Spanish painting frauds were trying to sell works for €1.2m
The historical heritage group of the Valencian police have this week seen the culmination of their investigation into a large group of Spanish painting frauds. Six people have been sent to jail following a deeper look into paintings attributed to Francisco de Goya, Nicolas Falco and others, that were being sold online. The police seized 27 paintings in total and 18 of them turned out to be badly rendered forgeries.
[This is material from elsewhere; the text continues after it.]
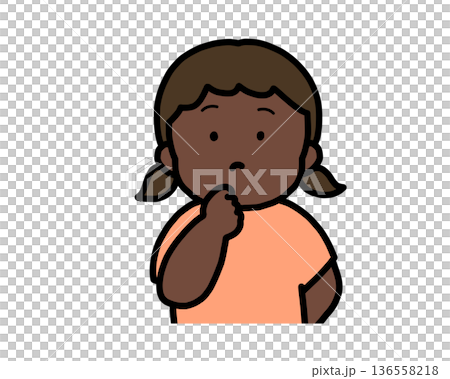 Thinking (front view) black girl Thinking (front view) black girl 136558218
The investigation started after some doubts rose about the history of one of the pieces being auctioned. The provenance of Falco’s The Adoration of the Three Wise Men had been purchased for €18,000 and was being resold for almost three times that amount. The painting was supposed to be 16th-century original but upon closer inspection turned out to be a forgery. As police followed the evidence of the people connected to that sale, it led them to a group of forgers who were trying to sell more than 30 other paintings online.
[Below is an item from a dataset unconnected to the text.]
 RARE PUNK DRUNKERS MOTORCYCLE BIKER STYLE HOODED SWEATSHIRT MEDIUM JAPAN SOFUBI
Officers seized 27 of the paintings with a value of €1.2m and uncovered an unsophisticated counterfeiting operation complete with faked certificates of authenticity. One of the paintings was purporting to be An Immaculate Conception by Francisco de Goya. The Spanish painting frauds tried to sell this particular piece for €900,000.
After experts were called in from various museums around Valencia, eighteen of the 27 paintings seized turned out to be fakes. Four items were decorative pieces, two were authentic prints, and the provenance of the last three could not be determined.
Gabriela Bravo, the regional justice minister, said the police’s efforts “had succeeded in shutting down a new illegal network that was buying and selling art and offering more than 20 works on the black market”.